Ces animaux conservés dans des conditions déplorables depuis des années
"Il s'agit d'animaux détenus dans des conditions déplorables par un ancien responsable animalier de l'Institut national de la recherche agronomique, aujourd'hui à la retraite" a déclaré Anne-Sophie de Dietrich, de la Fondation. Selon elle, le retraité aurait récupéré des animaux en ne déclarant pas toutes les naissances.
La plupart de ces animaux sont des espèces protégées notamment par la convention de Washington.
"Une trentaine de perroquets, des faucons, des reptiles, une chouette effraie mais aussi treize macaques et des serpents étaient détenus dans toutes les pièces du petit pavillon, dans des cages petites, souillées par le manque d'entretien" a dit Jean-François Legueulle, délégué général de la Fondation.
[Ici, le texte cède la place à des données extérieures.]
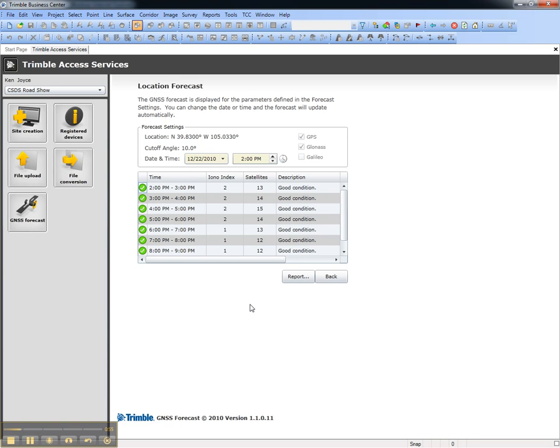Note that from here you can alter the start date and time, which by default is the time on your machine. From here you can also create a report.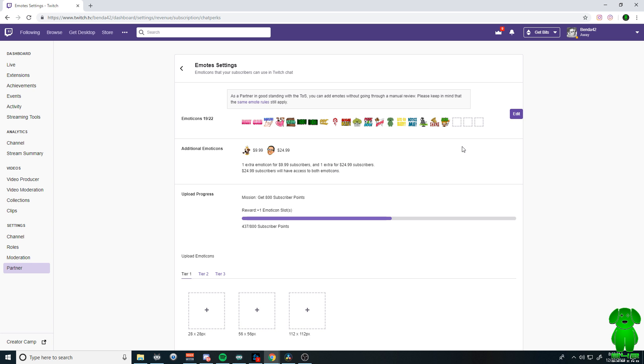That is how you get more emotes by becoming a partner. I hope this helped you guys out. I hope this explains things. And I will see you in your stream.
"Un ara rauna, un perroquet originaire de Guyane au pelage flamboyant bleu et jaune dans son milieu naturel, était déplumé comme un poulet" a témoigné Arnold Lhomme, enquêteur de la Fondation.
"Les macaques qui vivent en groupe dans la nature présentaient des troubles du comportement avec des mouvements stéréotypés du type balancement de la tête" a-t-il précisé.
Les primates étaient enfermés dans des boxes carrelés au fond d'un abri de jardin". Beaucoup d'animaux saisis ont des maladies et devront subir des traitements spécifiques" a-t-il ajouté.
L'Association de protection des animaux, spécialiste dans la sauvegarde des primates en Europe, basée en Hollande, était sur place pour procéder à la capture des bêtes afin de les mettre dans des cages adaptées pour les transporter en Hollande, selon Jean-François Legueulle. La majorité des bêtes, dont les reptiles et les oiseaux ont été envoyées vers des centres de sauvegarde de la faune sauvage en France, comme celui de Rambouillet qui accueillera la chouette effraie.
Jean-François Legueulle a précisé : "Il va y avoir un jugement du tribunal de grande instance qui devra se prononcer sur la confiscation définitive des animaux au profit de la Fondation 30 millions d'amis, car c'est un délit de détenir illégalement des animaux sauvages surtout dans des conditions déplorables". Le propriétaire n'a pas été placé en garde à vue mais a été en revanche entendu au commissariat.